Despite the title, the group of characters don’t actually spend that much of the book working for ‘Microsoft’: the majority of the time they’re working at their own start-up, in recovery from the years they spent as cogs in the megacorp, blossoming into real people again after years of being interchangable people-units with “no life”. Passing references to salaries, 14.4 modems or Apple’s shaky financial status aside, it remains even more surprisingly timeless than ‘Generation X’: though we’re not in Silicon Valley (or even Silicon Roundabout), we’ve been close enough to start-up culture to know that many of the issues (funding crises, marketing bullshit and constant hype about everything) still apply – and of course, the megacorps still lure in young programmers with free snacks then wring them dry. I know dozens of people – myself included to some extent – that made the same leap away from corporations or other big organisations in their mid-to-late 20s – all of us chasing some sense of One-Point-Oh or actually making a difference in the world beyond than “a computer on every desk and in every home”. Similarly, Susan’s Chyx crusades seem as relevant now as then and what is Minecraft if not Oop brought to life?

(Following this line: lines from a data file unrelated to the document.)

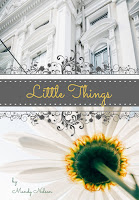 Little Things book cover mock up2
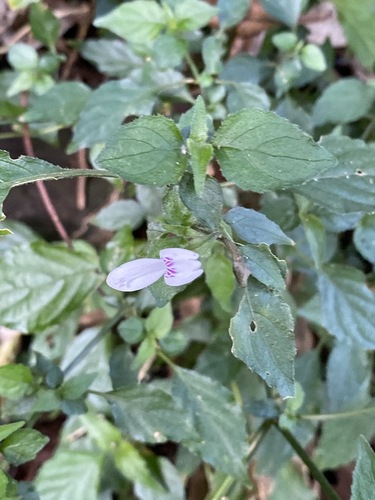 Hypoestes triflora image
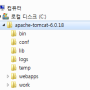 [웹 컨테이너] 톰캣 설치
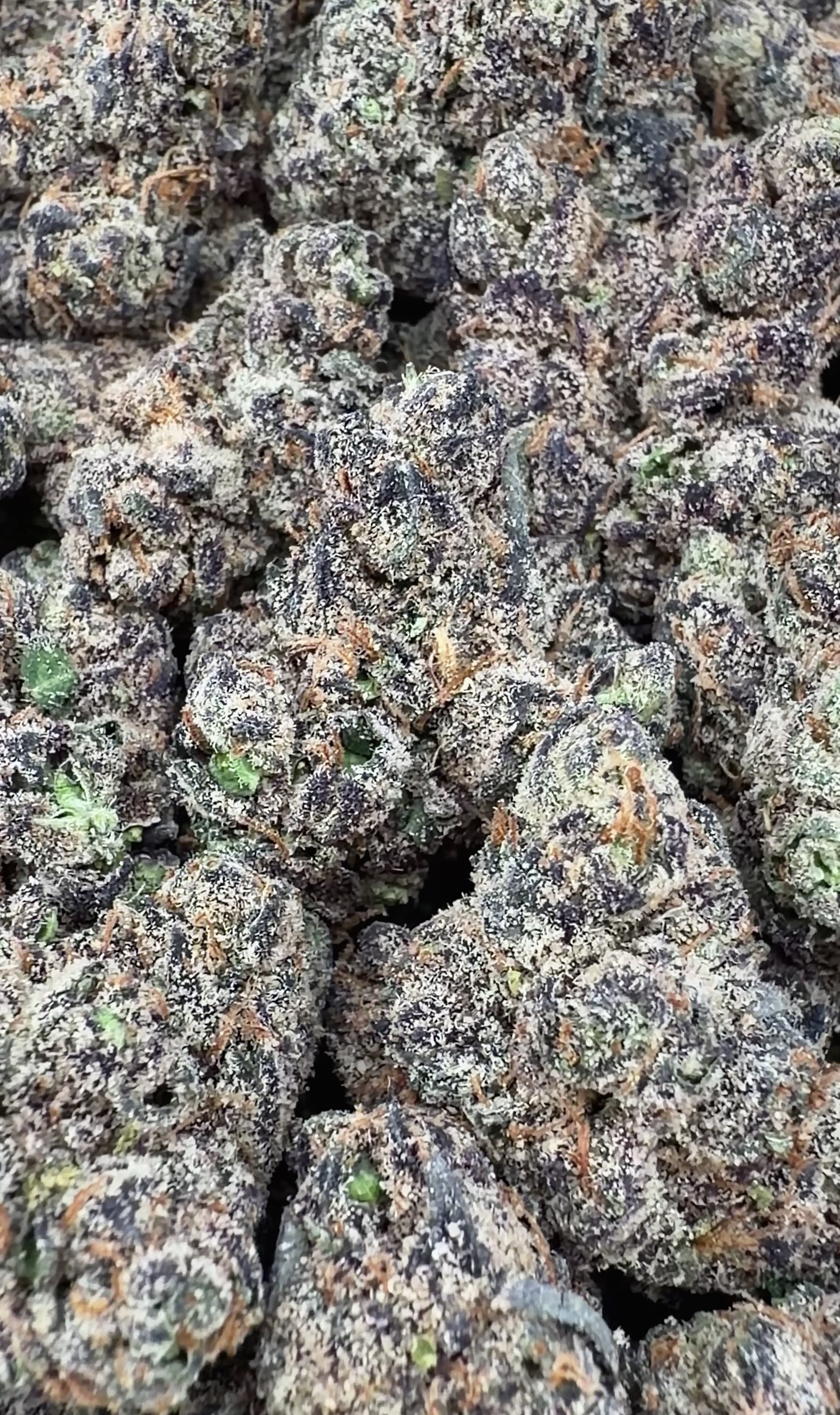 Exotic Black Cherry Gelato
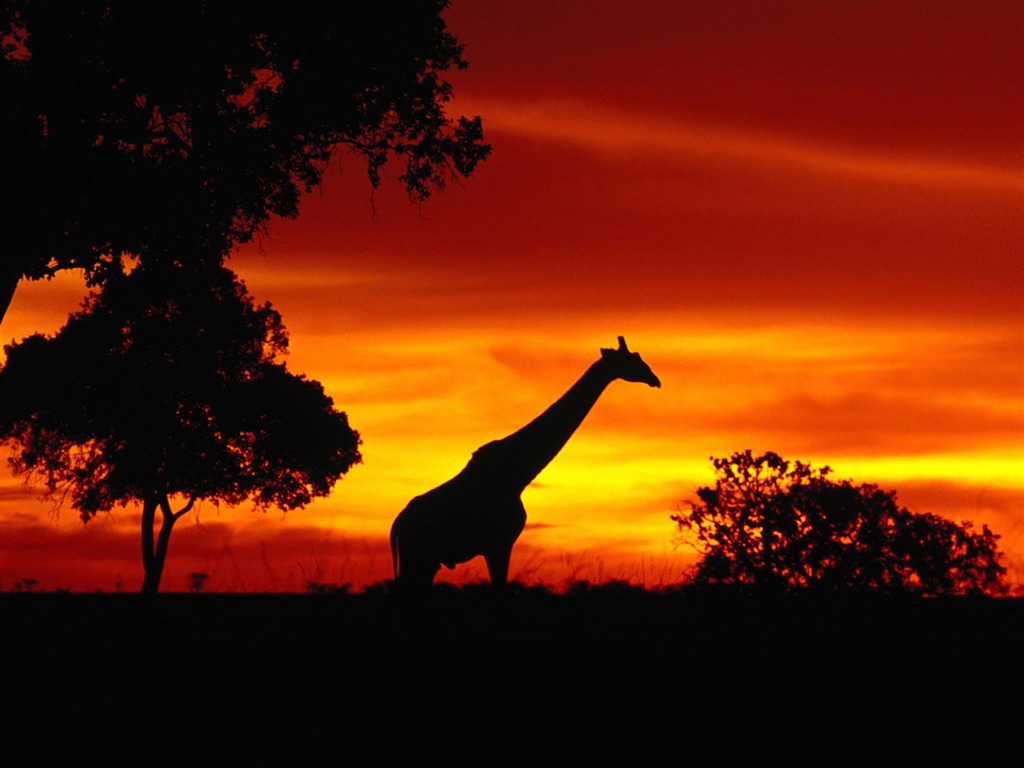 Giraffe wallpaper albums #20 - 1024x768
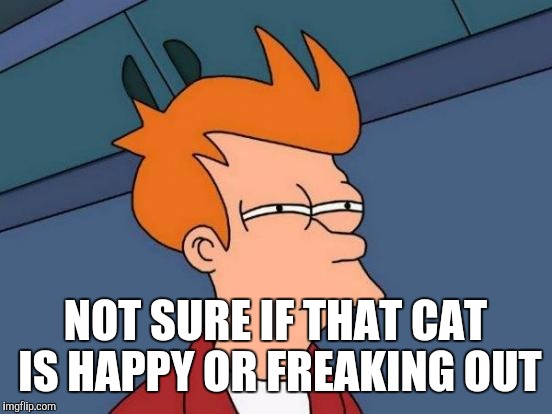 Futurama Fry Meme | NOT SURE IF THAT CAT IS HAPPY OR FREAKING OUT | image tagged in memes,futurama fry | made w/ Imgflip meme maker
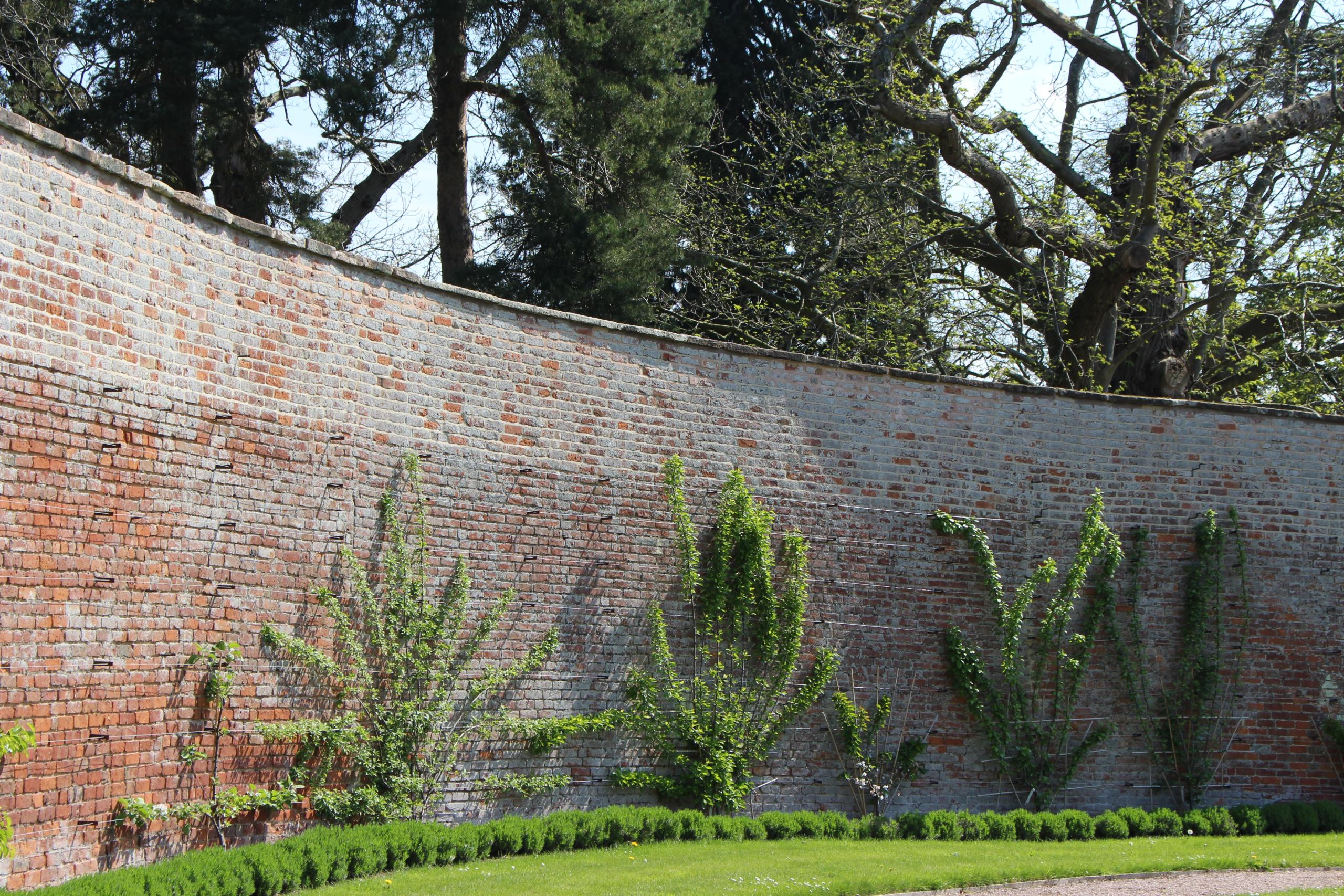 A curved brick wall in a garden setting, partially covered by fruit trees is shown. The wall is old, with varying shades of red and orange bricks, and some areas of weathering. Young fruit trees are trained against the wall in a fan-like espalier pattern, their green leaves contrasting with the brick. In front of the wall, there is a well-maintained lawn bordered by a neatly trimmed hedge. Tall trees can be seen in the background, casting some shade over the scene. The image captures a peaceful, well-tended garden area.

It’s quite a heightened book – the elevated nature of the conversations lampshaded early on when Dan says Karla speaks like she’s a “Star Trek episode made flesh” – and as a faux-journal, it is understandably a somewhat disjointed stream of consciousness. But at the same time, it is perhaps the most satisfying of Coupland’s early works in terms of story-telling: the strands of philosophy, theory and text manipulation (pages of binary; repeats of pages but with either the consonants or vowels removed; random word dumps) that are explored in the book all come together neatly in the end. The novel isn’t flawless by any means – some of the characterisation is rather flat and I think a longer time span would have helped the flow of most of the story arcs – but the conclusion ultimately gives everything that has come before it a purpose.

Out of all the Coupland books I adored way back when, ‘Microserfs’ was by far my favourite at the time and I collected multiple copies of it so that I could lend them out with free abandon. I currently own a ridiculous six copies of it: three generic paperbacks, a first edition US print, a first edition UK print and an uncorrected proof. I have read them all countless times and I have to admit that this re-read was possibly the least illuminating in terms of revelations from the text – but I still enjoyed it. After so much repetition of them over the years, there is a certain rhythm to the words that makes it as comforting to me as an old favourite song – I read it with the same blissed out “I’m home!” expression that I use when watching ‘Wayne’s World’. I don’t imagine I’ll read it again for, perhaps, even another decade but those books, all those books are staying on the shelf.

Choice quotes:

What is human behavior, except trying to prove that we’re not animals?

“Beware of the corporate invasion of private memory.”

“The belief that tomorrow is a different place from today is certainly a unique hallmark of our species.”

We generate stories for you because you don’t save the ones that are yours.

“I’m trying to debug myself.”

“You know how when somebody says, ‘Remember that party at the beach last year?’ and you say ‘Oh God, was that last year? It feels like last month’? If I’m going to live a year, I want my whole year’s worth of a year. I don’t want it feeling like only one month.”

“We look at a flock of birds and we think one bird is the same as any other bird – a bird unit. But a bird looks at thousands of people at a Giants game up at Candlestick Park, say, and all they see is ‘people units’. We’re all as identical to them as they are to us. So what makes you different from me? Him from you? Them from her? What makes any one person any different from any other? Where does your individuality end and your species-hood begin? As always, it’s a big question on my mind.”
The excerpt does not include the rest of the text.